Raw data ▸
▬▬▬▬▬▬▬▬▬▬
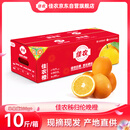 佳农秭归伦晚橙 净重10斤装 单果200g起 生鲜水果橙子礼盒 源头直发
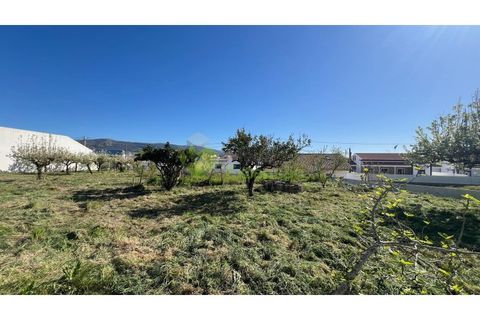 Helårsgrund i Cadaval, Lisbon, Cadaval - € 95.000 | Ref: 2194 - foto 3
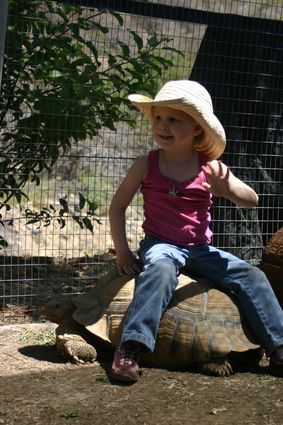 Abella gets a lift from a Giant Tortoise
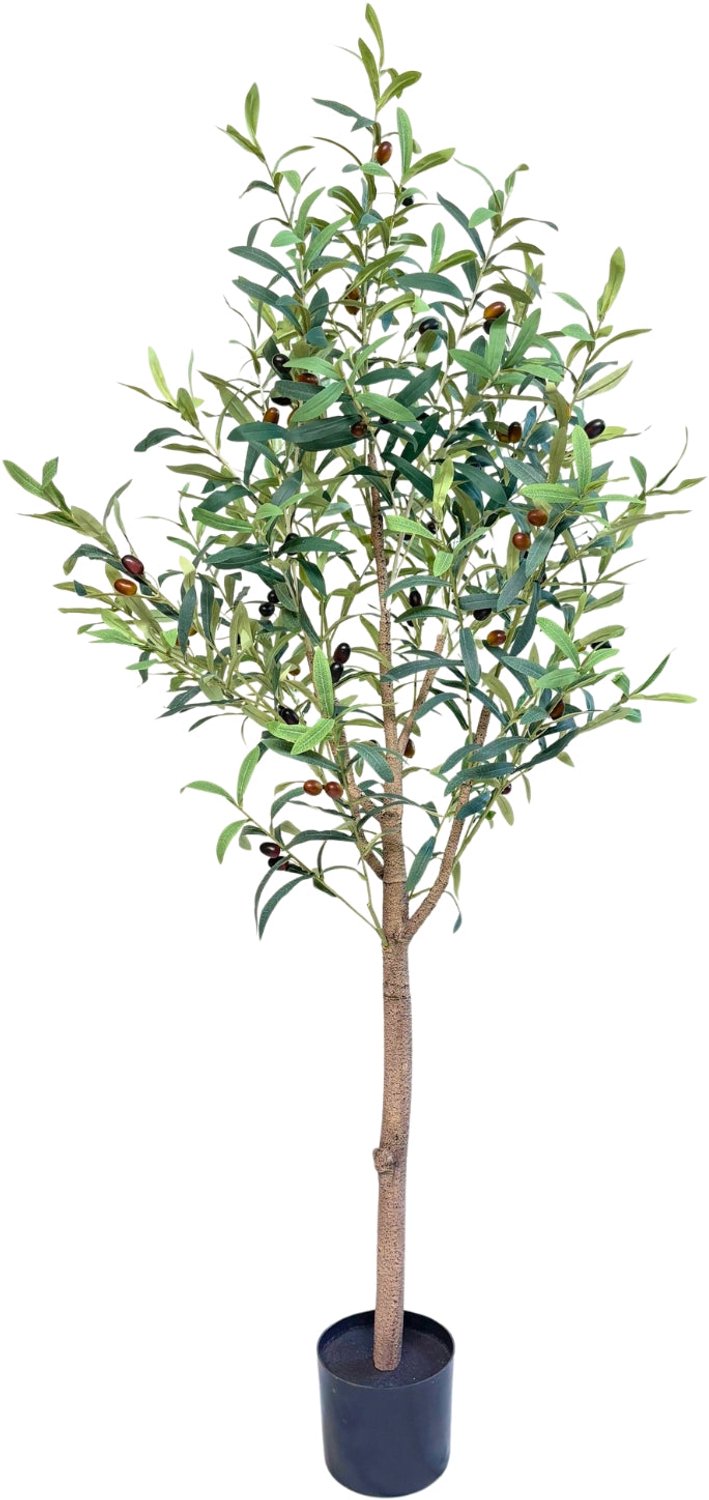 PrettyPlants Kunst Olijfboom 150 cm | Olijf Kunstplant | Kunstplanten voor Binnen | Mediterrane Kunstboom Groen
▬▬▬▬▬▬▬▬▬▬
Copy nothing but the lines above from the one with "Abella gets a lift from a Giant Tortoise" through the end of the material, word for word, and drop the pictures.

Reply ▸
 Abella gets a lift from a Giant Tortoise
 PrettyPlants Kunst Olijfboom 150 cm | Olijf Kunstplant | Kunstplanten voor Binnen | Mediterrane Kunstboom Groen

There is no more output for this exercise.